#### [Exercise directions]
Look below for the line with "Explore name neck" and the line with "An artistic portrait"; repeat exactly those two lines and all lines between them, but no pictures.

#### [Given entries]
-------
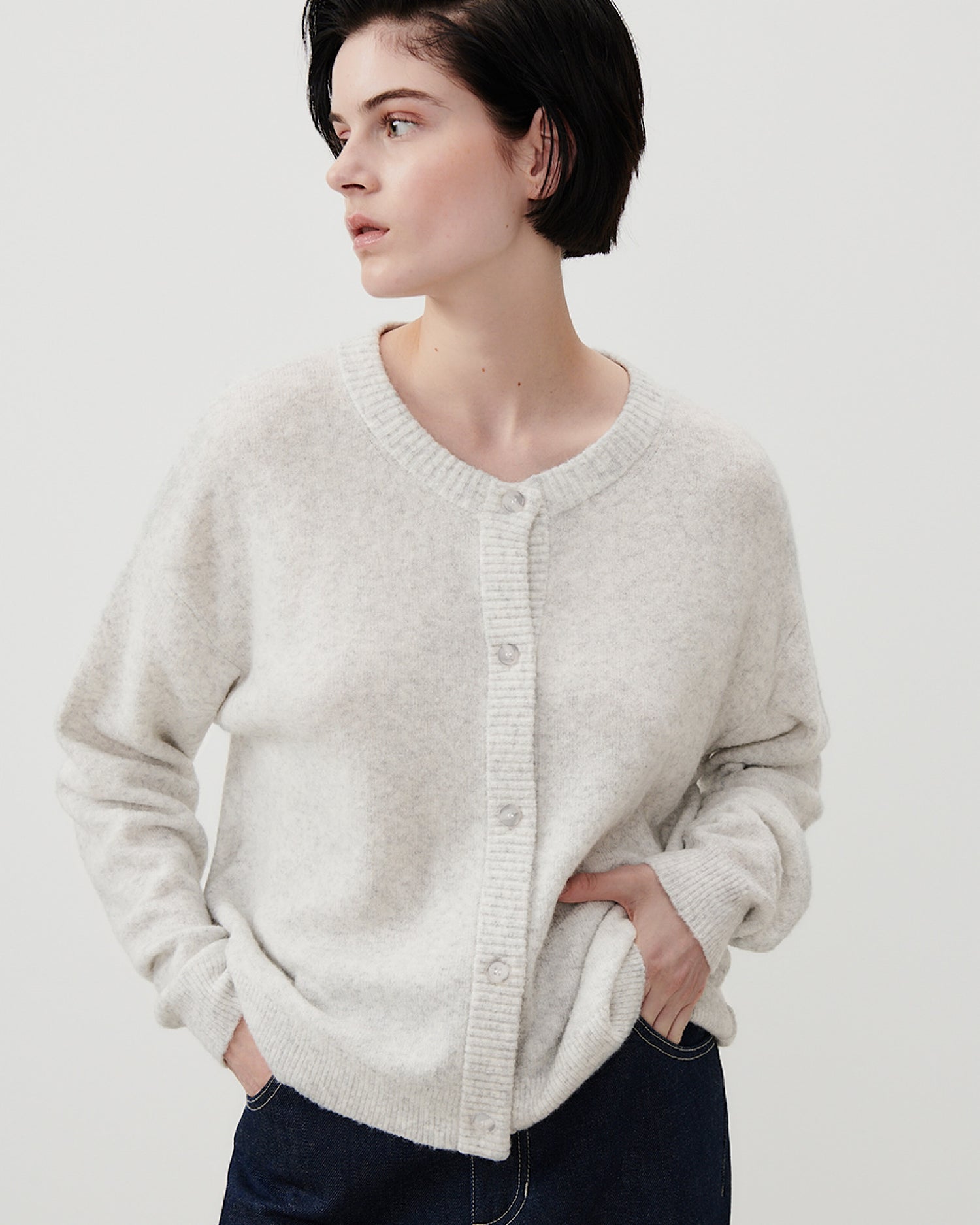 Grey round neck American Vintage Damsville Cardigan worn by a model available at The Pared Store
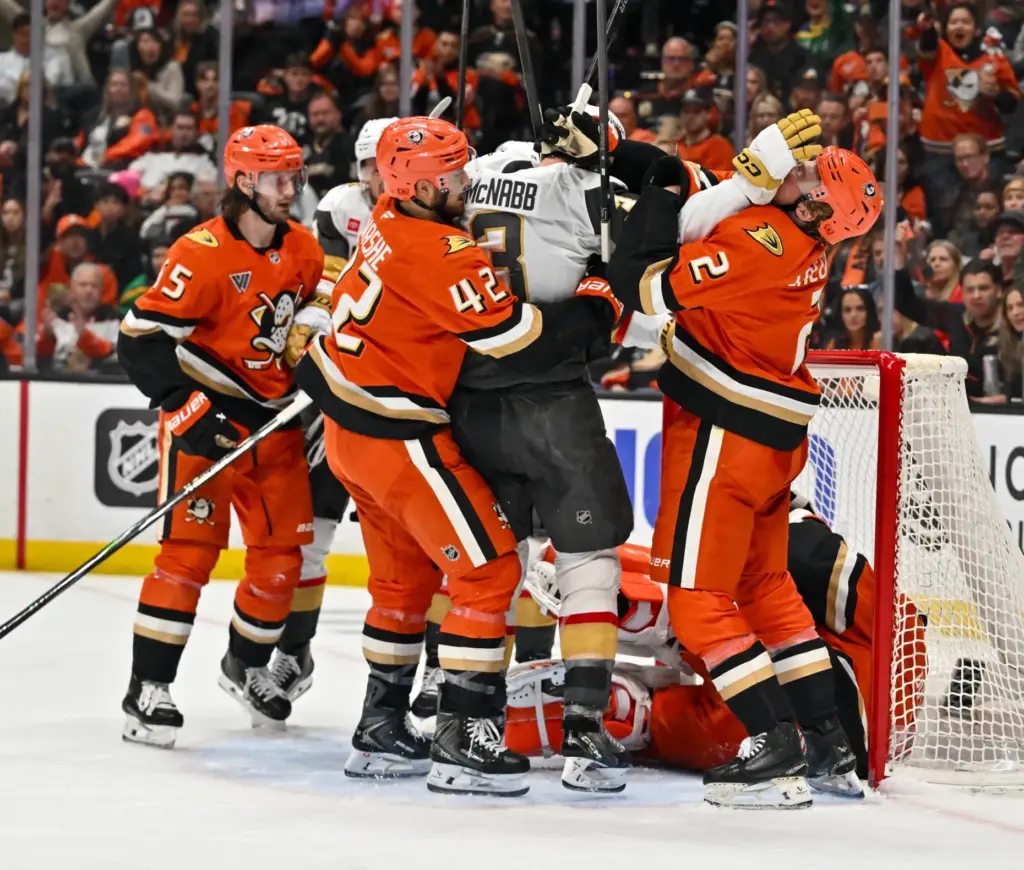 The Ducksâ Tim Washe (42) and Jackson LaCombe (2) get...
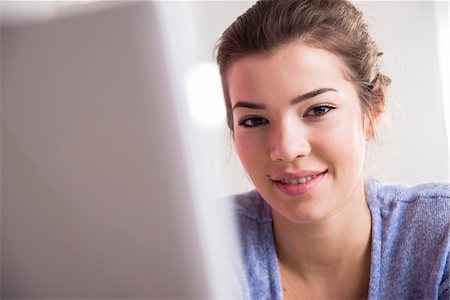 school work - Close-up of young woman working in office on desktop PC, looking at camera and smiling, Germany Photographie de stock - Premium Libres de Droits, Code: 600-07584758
-------
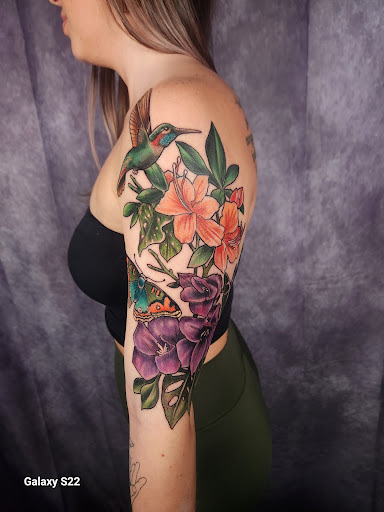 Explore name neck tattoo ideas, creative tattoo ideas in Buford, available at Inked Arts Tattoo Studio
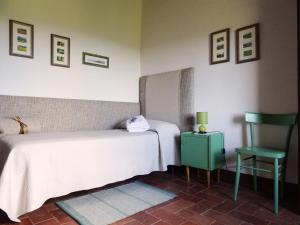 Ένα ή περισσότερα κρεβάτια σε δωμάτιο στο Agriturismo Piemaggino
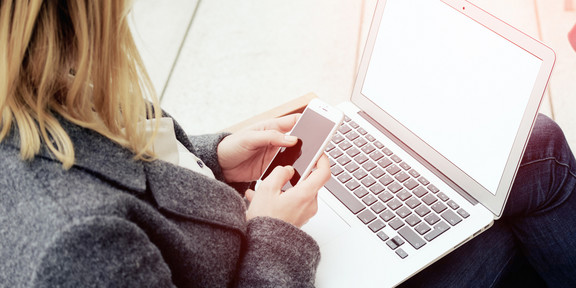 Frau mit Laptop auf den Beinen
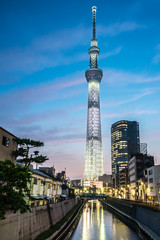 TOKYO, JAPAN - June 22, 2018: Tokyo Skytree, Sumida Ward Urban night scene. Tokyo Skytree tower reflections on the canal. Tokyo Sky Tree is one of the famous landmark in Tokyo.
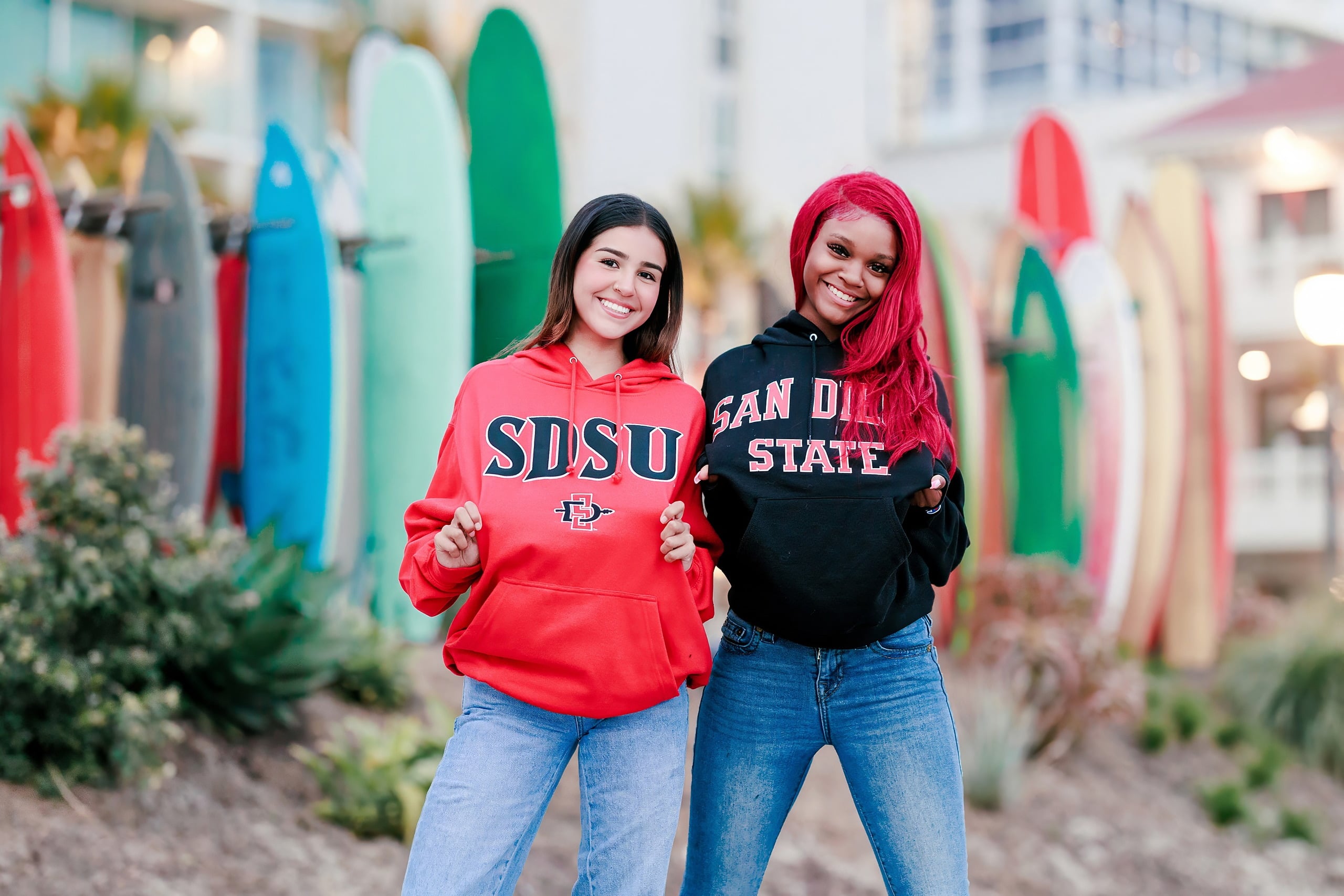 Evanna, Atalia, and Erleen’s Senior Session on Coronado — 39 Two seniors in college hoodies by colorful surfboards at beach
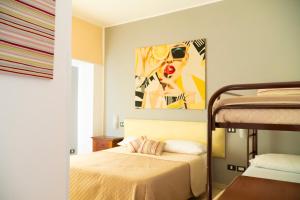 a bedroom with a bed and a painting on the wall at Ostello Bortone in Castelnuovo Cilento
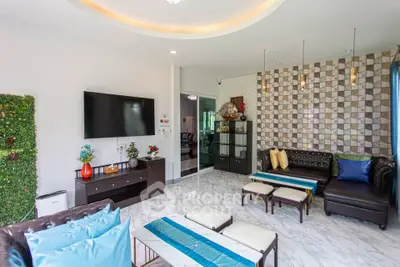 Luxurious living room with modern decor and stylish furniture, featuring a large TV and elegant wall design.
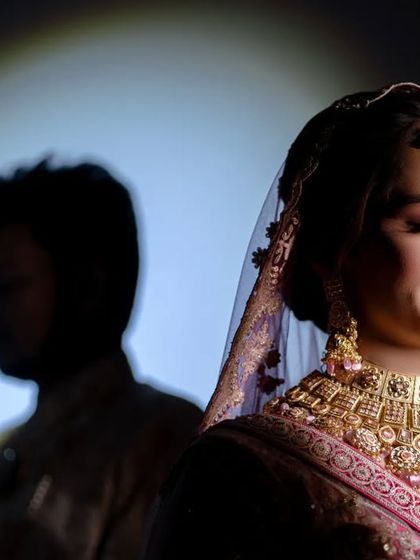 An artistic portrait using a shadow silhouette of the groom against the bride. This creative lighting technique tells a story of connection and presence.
-------
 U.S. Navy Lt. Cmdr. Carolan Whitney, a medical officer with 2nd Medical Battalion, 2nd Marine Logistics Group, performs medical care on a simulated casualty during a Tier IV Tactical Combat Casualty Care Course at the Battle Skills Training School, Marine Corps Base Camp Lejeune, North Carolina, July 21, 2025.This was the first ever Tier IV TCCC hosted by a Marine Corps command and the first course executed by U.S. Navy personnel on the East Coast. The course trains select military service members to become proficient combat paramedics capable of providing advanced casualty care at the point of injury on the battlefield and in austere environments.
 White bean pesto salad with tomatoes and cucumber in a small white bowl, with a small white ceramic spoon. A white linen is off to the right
-------
#### [Answer space]
 Explore name neck tattoo ideas, creative tattoo ideas in Buford, available at Inked Arts Tattoo Studio
 Ένα ή περισσότερα κρεβάτια σε δωμάτιο στο Agriturismo Piemaggino
 Frau mit Laptop auf den Beinen
 TOKYO, JAPAN - June 22, 2018: Tokyo Skytree, Sumida Ward Urban night scene. Tokyo Skytree tower reflections on the canal. Tokyo Sky Tree is one of the famous landmark in Tokyo.
 Evanna, Atalia, and Erleen’s Senior Session on Coronado — 39 Two seniors in college hoodies by colorful surfboards at beach
 a bedroom with a bed and a painting on the wall at Ostello Bortone in Castelnuovo Cilento
 Luxurious living room with modern decor and stylish furniture, featuring a large TV and elegant wall design.
 An artistic portrait using a shadow silhouette of the groom against the bride. This creative lighting technique tells a story of connection and presence.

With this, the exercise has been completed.